**EXERCISE DETAILS**
Lines in the listing below containing the string "Women" are to be identified and copied.

++++++++++

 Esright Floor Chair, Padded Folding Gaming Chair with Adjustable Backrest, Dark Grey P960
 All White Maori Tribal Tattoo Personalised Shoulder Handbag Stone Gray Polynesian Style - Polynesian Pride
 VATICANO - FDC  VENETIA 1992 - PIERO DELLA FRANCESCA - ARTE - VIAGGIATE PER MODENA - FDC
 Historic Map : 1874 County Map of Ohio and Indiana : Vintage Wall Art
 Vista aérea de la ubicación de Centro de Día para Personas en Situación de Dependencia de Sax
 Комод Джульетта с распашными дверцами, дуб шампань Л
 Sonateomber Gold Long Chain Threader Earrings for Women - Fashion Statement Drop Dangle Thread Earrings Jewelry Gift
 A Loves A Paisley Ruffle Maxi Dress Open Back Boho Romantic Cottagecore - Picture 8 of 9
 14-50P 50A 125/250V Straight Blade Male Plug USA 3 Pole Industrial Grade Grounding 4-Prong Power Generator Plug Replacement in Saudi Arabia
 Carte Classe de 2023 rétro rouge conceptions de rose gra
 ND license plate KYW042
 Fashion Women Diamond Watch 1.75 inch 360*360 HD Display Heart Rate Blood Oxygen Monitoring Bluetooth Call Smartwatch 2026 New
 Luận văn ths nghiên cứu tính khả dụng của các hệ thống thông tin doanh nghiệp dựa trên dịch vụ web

++++++++++

**COMPLETED EXERCISE**
 Sonateomber Gold Long Chain Threader Earrings for Women - Fashion Statement Drop Dangle Thread Earrings Jewelry Gift
 Fashion Women Diamond Watch 1.75 inch 360*360 HD Display Heart Rate Blood Oxygen Monitoring Bluetooth Call Smartwatch 2026 New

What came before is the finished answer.